I was chunking up some work using this algorithm:
for (int i = 0; i < ordered.Length; i += chunkSize)
{
//Create file
foreach (var item in ordered.Skip(i).Take(chunkSize))
{
//Write line to file
}
//Run sql to load file into mysql
}
It got me thinking if that Skip really was a good idea.

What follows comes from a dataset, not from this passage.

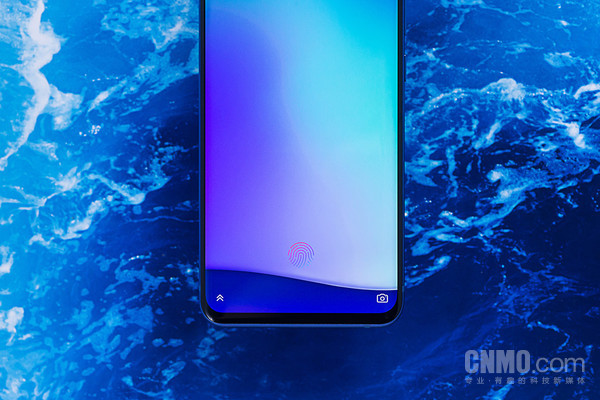 中兴天机Axon 10 Pro 中兴天机 Axon 10 Pro评测 “轻商务”与时尚的一次碰撞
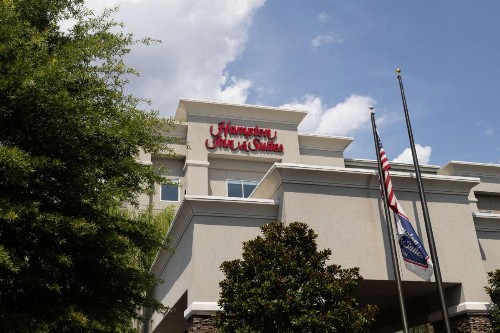Hampton Inn & Suites Greensboro/Coliseum Area - image 14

In this case my collection was a List
Now it could be that Linq had someway optimized Skip for certain collections like List and Array but the only way to find out is to measure so that's what we do.
class Program
{
private const int chunkSize = 10000;
static void Main(string[] args)
{
var watch = new Stopwatch();
var collection = Enumerable.Range(0, 9999999).ToList();
var collectionAsArray = collection.ToArray();
var collectionAsHashSet = new HashSet<int>(collection);
watch.Start();
long items = 0;
for (int i = 0; i < collection.Count;)
{
var limit = Math.Min(i + chunkSize, collection.Count);
for (; i < limit; i++)
{
items += collection[i];
}
}
watch.Stop();
Console.WriteLine("Loops {0} | {1}", watch.ElapsedMilliseconds, items);
watch.Reset();
Console.WriteLine("Test List");
RunSkipTest(collection, watch);
Console.WriteLine("Test Array");
RunSkipTest(collectionAsArray, watch);
Console.WriteLine("Test HashSet");
RunSkipTest(collectionAsHashSet, watch);
}
private static void RunSkipTest(ICollection<int> collection, Stopwatch watch)
{
watch.Start();
long items = 0;
for (int i = 0; i < collection.Count; i += chunkSize)
{
foreach (var item in collection.Skip(i).Take(chunkSize))
{
items += item;
}
}
watch.Stop();
Console.WriteLine("Skips {0} | {1}", watch.ElapsedMilliseconds, items);
watch.Reset();
}
}
Some explanations. The for loops in Main is what I would use before Linq came around. *items *is really only a way to confirm that the algorithms does the same thing and to ensure the compiler doesn't remove the loop.
The result:
**(The format is: xxx ms | verfication value)**
Test with 99999
Loops 1 | 4999850001
Test List
Skips 18 | 4999850001
Test Array
Skips 10 | 4999850001
Test HashSet
Skips 13 | 4999850001
Test with 300000 items
Loops 3 | 44999850000
Test List
Skips 63 | 44999850000
Test Array
Skips 56 | 44999850000
Test HashSet
Skips 89 | 44999850000
Test with 9999999 items
Loops 122 | 49999985000001
Test List
Skips 51884 | 49999985000001
Test Array
Skips 50442 | 49999985000001
Test HashSet
Skips 85992 | 49999985000001
As you can see there is a noticable difference once the collection grows. The conclusion is that even though it would be possible Linq is not optimizing Skip for any collection. If you need performance you need to do the indexing yourself (unless the collection is small where it doesn't matter).